Duplicate _id docs and docs with multiple _id values - how is this possible?

We have generated an _id field which we set in our elasticsearch output so that, in case we ever load the same log twice, we don't get duplicate events.

However, we are now seeing lots of duplicate _id fields (see below).
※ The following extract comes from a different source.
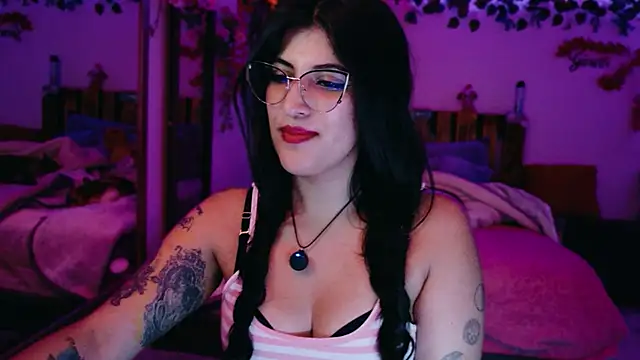 Snapshot of azahar__ziiz chatting on 11/30/25, 10:36 azahar ziiz online show from 11/30/25, 10:36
Our id consists of the name of the logfile plus the timestamp from the logfile plus the filebeat offset field. This %{logfile}_%{timestamp}_%{offset} should surely be unique.

filter {
...
mutate {
			rename => {"@timestamp" => "timestamp"}
			update => {
				"source" => "%{[fields][source]}"
			}
			add_field => {
				"server" => "%{[fields][server]}"
				"logfile" => "%{[fields][source]}-%{[fields][server]}-%{[fields][system]}"
				"[@metadata][system]" => "%{[fields][system]}"
				"[@metadata][offset]" => "%{offset}"
				"[@metadata][id]" => "%{logfile}_%{timestamp}_%{offset}"
			}
}
output {
	elasticsearch {
		hosts => ["localhost"]
		index => "%{[@metadata][index]}"
		document_id => "%{[@metadata][id]}"
		document_type => "_doc"
	}
}

We are pretty sure we're not processing the same logs twice but even so: we'd expect a re-occurring _id to overwrite a document.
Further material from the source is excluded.